An efficient methodology for modeling complex computer codes with Gaussian processes

https://doi.org/10.1016/j.csda.2008.03.026Get rights and content

Abstract

Complex computer codes are often too time expensive to be directly used to perform uncertainty propagation studies, global sensitivity analysis or to solve optimization problems. A well known and widely used method to circumvent this inconvenience consists in replacing the complex computer code by a reduced model, called a metamodel, or a response surface that represents the computer code and requires acceptable calculation time. One particular class of metamodels is studied: the Gaussian process model that is characterized by its mean and covariance functions. A specific estimation procedure is developed to adjust a Gaussian process model in complex cases (non-linear relations, highly dispersed or discontinuous output, high-dimensional input, inadequate sampling designs, etc.). The efficiency of this algorithm is compared to the efficiency of other existing algorithms on an analytical test case. The proposed methodology is also illustrated for the case of a complex hydrogeological computer code, simulating radionuclide transport in groundwater.

Introduction

With the advent of computing technology and numerical methods, investigation of computer code experiments remains an important challenge. Complex computer models calculate several output values (scalars or functions) which can depend on a high number of input parameters and physical variables. These computer models are used to make simulations as well as predictions or sensitivity studies. Importance measures of each uncertain input variable on the response variability provide guidance to a better understanding of the modeling in order to reduce the response uncertainties most effectively (Saltelli et al., 2000, Kleijnen, 1997, Helton et al., 2006).

However, complex computer codes are often too time expensive to be directly used to conduct uncertainty propagation studies or global sensitivity analysis based on Monte Carlo methods. To avoid the problem of huge calculation time, it can be useful to replace the complex computer code by a mathematical approximation, called a response surface or a surrogate model or also a metamodel. The response surface method (Box and Draper, 1987) consists in constructing a function that simulates the behavior of real phenomena in the variation range of the influential parameters, starting from a certain number of experiments. Similarly to this theory, some methods have been developed to build surrogates for long running computer codes (Sacks et al., 1989, Osio and Amon, 1996, Kleijnen and Sargent, 2000, Fang et al., 2006). Several metamodels are classically used: polynomials, splines, generalized linear models, or learning statistical models such as neural networks, support vector machines, etc. (Hastie et al., 2002, Fang et al., 2006).

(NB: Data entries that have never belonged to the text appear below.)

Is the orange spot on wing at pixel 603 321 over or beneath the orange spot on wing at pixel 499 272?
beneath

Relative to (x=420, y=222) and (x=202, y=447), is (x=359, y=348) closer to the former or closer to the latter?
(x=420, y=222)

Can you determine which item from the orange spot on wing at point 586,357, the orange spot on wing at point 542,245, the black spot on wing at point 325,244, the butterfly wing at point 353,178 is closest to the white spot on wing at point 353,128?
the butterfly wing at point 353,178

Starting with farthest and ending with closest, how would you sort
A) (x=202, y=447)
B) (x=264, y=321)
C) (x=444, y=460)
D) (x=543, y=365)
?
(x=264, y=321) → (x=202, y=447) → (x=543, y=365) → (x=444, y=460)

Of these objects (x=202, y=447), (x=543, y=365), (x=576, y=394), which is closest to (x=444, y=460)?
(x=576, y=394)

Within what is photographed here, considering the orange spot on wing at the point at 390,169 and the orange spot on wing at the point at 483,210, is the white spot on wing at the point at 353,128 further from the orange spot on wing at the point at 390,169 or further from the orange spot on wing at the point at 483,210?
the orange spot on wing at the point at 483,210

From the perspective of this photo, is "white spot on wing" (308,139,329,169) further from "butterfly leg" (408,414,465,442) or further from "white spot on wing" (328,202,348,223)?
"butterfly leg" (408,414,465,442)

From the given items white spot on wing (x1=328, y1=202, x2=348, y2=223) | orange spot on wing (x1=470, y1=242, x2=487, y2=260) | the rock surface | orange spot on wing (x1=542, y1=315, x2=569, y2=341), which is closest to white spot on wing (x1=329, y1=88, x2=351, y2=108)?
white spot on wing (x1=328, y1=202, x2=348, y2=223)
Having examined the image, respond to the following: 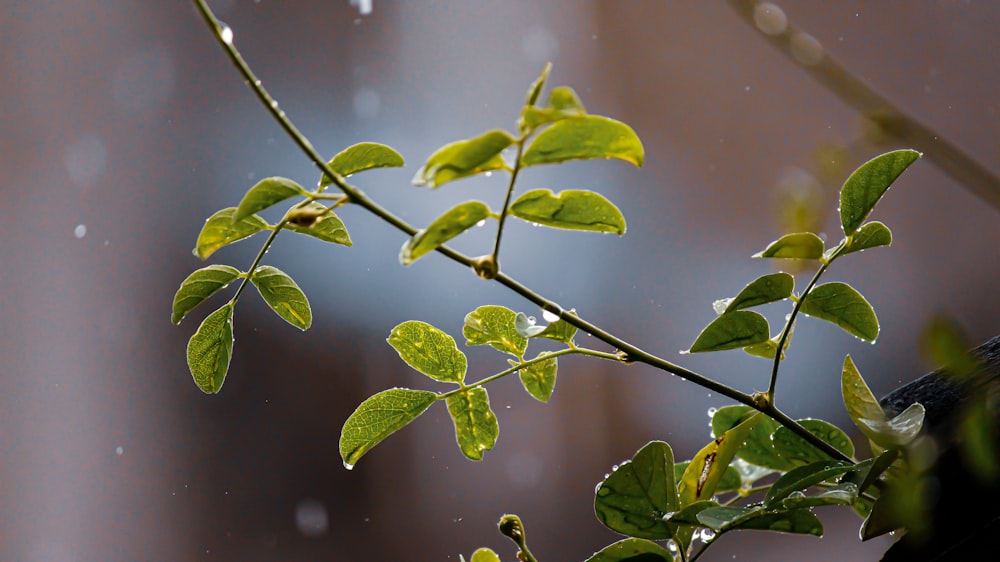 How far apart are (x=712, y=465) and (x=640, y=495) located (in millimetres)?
46

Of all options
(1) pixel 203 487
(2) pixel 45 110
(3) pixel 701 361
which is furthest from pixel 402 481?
(2) pixel 45 110

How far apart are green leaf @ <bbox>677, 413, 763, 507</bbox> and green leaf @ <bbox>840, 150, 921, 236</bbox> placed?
0.30ft

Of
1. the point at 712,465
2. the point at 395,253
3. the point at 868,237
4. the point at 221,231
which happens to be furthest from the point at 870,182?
the point at 395,253

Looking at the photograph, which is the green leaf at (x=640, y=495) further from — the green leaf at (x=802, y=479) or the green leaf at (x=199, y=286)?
the green leaf at (x=199, y=286)

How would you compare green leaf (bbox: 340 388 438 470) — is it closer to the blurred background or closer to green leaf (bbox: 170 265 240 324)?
green leaf (bbox: 170 265 240 324)

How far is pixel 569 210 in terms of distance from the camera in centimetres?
24

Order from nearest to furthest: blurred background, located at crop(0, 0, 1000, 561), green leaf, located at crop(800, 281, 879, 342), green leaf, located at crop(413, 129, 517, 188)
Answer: green leaf, located at crop(413, 129, 517, 188), green leaf, located at crop(800, 281, 879, 342), blurred background, located at crop(0, 0, 1000, 561)

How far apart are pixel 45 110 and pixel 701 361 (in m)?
1.09

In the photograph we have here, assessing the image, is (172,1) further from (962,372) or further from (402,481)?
(962,372)

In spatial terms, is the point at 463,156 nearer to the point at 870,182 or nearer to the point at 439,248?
the point at 439,248

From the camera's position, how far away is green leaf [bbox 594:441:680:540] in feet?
0.82

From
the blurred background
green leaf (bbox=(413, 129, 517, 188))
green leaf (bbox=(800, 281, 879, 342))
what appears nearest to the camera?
green leaf (bbox=(413, 129, 517, 188))

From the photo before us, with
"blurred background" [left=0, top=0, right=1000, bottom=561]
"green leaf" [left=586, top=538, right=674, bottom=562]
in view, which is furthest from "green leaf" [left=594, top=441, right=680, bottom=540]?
"blurred background" [left=0, top=0, right=1000, bottom=561]

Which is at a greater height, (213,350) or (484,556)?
(213,350) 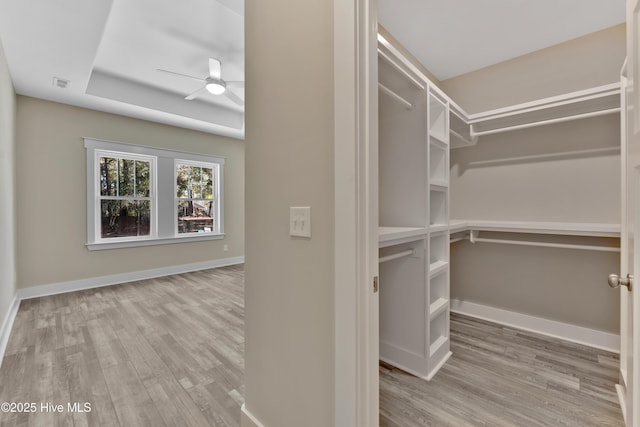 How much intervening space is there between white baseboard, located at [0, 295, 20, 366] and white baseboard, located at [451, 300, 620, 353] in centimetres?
404

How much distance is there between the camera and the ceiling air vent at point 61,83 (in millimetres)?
3130

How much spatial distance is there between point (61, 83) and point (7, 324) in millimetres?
2590

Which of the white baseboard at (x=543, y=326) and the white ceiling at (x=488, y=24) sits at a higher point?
the white ceiling at (x=488, y=24)

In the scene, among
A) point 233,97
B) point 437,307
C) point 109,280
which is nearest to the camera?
point 437,307

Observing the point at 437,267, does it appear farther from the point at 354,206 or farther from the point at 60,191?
the point at 60,191

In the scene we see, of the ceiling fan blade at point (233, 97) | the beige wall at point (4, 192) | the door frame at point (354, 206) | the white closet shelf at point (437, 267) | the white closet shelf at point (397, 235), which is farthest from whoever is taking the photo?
the ceiling fan blade at point (233, 97)

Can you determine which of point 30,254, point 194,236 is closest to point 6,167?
point 30,254

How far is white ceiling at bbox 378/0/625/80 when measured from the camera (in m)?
2.05

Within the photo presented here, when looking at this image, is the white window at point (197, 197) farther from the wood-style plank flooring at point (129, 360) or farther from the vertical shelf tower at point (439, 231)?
the vertical shelf tower at point (439, 231)

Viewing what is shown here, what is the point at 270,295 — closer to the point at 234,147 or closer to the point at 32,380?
the point at 32,380

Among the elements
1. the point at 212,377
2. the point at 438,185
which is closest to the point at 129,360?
the point at 212,377

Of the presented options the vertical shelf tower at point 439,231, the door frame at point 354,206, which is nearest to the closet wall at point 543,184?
the vertical shelf tower at point 439,231

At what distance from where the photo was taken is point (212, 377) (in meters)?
1.93

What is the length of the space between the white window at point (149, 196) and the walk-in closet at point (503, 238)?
4.04 meters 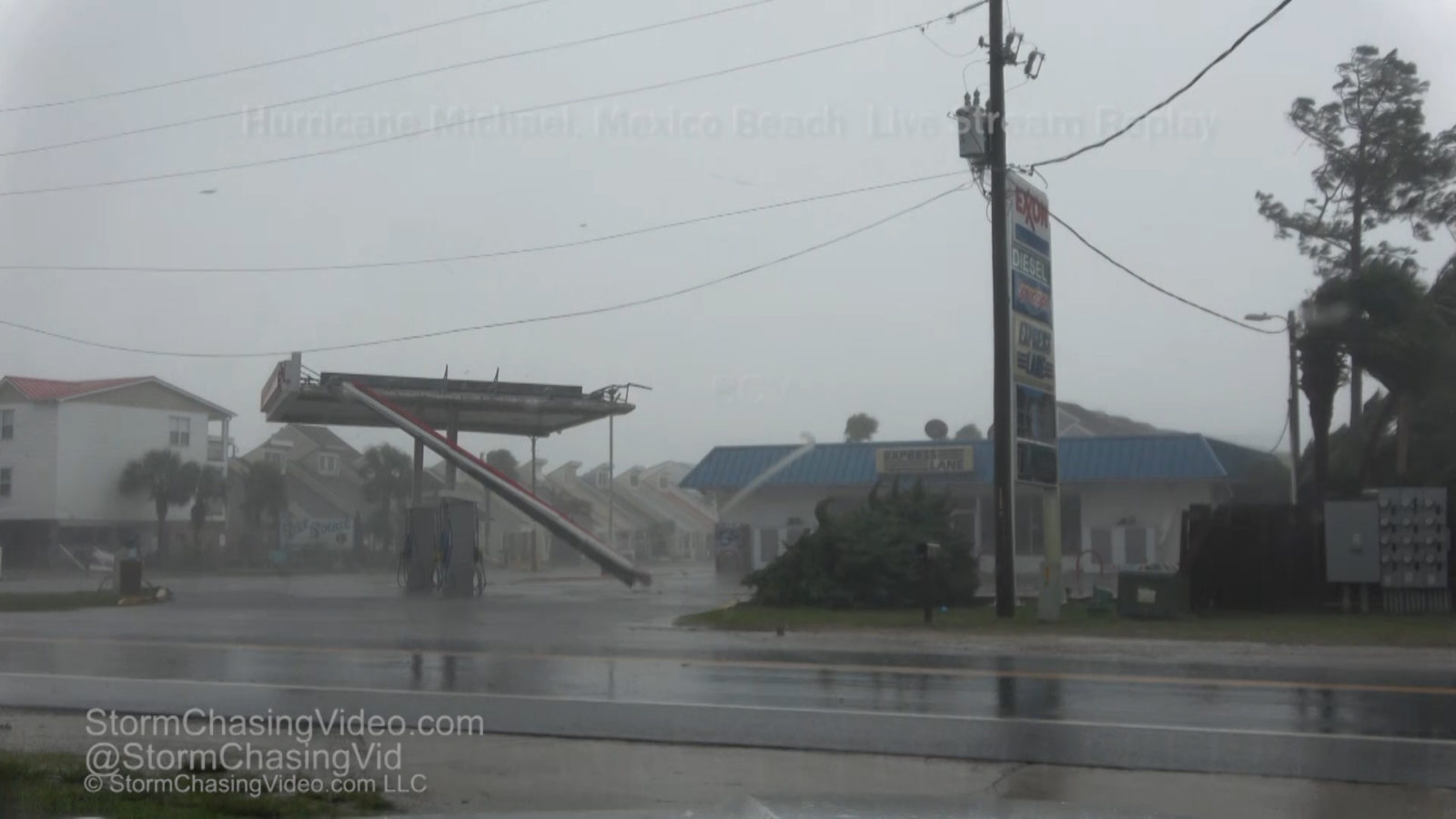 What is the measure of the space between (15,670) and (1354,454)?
29.6m

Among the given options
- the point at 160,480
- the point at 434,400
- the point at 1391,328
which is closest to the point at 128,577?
the point at 160,480

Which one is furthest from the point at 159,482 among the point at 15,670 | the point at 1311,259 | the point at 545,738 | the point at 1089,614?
the point at 1311,259

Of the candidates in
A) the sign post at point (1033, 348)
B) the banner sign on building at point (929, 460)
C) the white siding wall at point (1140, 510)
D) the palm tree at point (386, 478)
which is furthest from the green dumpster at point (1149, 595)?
the palm tree at point (386, 478)

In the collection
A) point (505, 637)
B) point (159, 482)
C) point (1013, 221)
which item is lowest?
point (505, 637)

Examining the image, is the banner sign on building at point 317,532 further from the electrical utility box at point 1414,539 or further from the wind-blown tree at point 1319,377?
the electrical utility box at point 1414,539

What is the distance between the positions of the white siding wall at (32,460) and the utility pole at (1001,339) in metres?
22.5

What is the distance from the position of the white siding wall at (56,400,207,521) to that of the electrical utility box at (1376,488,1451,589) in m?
28.1

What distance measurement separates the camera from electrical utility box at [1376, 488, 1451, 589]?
20953 mm

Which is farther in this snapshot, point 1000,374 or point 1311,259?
point 1311,259

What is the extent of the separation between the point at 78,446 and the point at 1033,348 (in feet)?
77.7

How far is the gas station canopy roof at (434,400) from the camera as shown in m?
36.8

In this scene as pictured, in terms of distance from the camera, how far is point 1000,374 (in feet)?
72.7

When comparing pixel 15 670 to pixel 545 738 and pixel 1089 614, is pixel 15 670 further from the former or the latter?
pixel 1089 614

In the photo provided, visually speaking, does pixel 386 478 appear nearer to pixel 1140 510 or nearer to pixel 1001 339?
pixel 1140 510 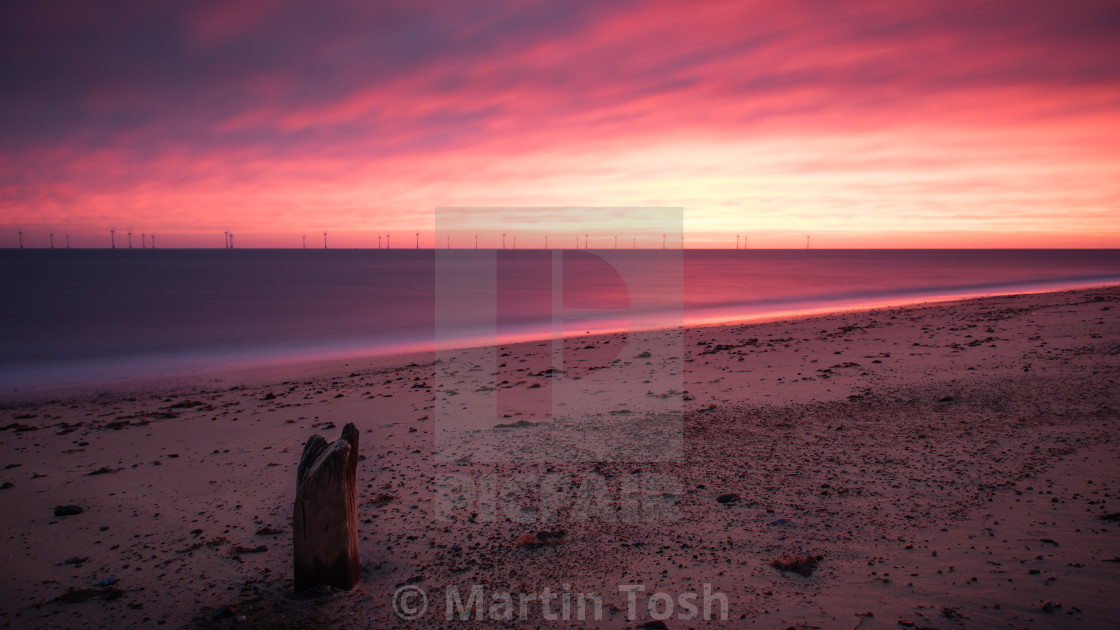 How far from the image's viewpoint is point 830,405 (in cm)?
780

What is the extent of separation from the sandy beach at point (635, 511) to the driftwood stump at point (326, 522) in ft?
0.42

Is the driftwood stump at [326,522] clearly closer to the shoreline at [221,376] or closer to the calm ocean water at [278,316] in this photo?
the shoreline at [221,376]

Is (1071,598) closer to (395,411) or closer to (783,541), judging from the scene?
(783,541)

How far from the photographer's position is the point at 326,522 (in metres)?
3.85

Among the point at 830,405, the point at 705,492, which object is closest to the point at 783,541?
the point at 705,492

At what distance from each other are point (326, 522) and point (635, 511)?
8.39ft

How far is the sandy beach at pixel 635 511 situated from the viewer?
3.69 metres

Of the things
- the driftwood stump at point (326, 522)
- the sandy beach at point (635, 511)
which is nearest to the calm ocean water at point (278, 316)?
the sandy beach at point (635, 511)

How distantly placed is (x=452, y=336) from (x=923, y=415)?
16.8 meters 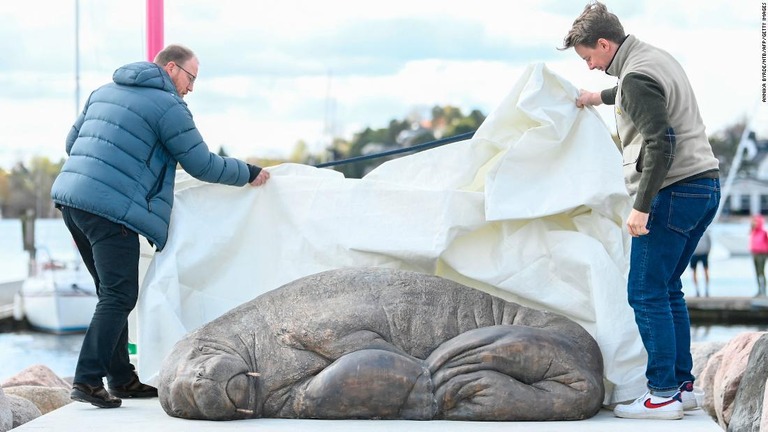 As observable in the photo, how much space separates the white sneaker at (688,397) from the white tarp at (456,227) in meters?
0.42

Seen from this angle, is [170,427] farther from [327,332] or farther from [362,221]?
[362,221]

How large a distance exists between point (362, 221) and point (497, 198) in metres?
0.76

For sensitivity analysis and uncertainty propagation, it would be useful to obtain an analytic predictor formula for a metamodel. Indeed, an analytical formula often allows the direct calculation of sensitivity indices or output uncertainties. Moreover, engineers and physicists prefer interpretable models that give some understanding of the simulated physical phenomena and parameter interactions. Some metamodels, such as polynomials (Jourdan and Zabalza-Mezghani, 2004, Kleijnen, 2005, Iooss et al., 2006), are easily interpretable but not always very efficient. Others, for instance neural networks (Alam et al., 2004, Fang et al., 2006), are more efficient but do not provide an analytic predictor formula.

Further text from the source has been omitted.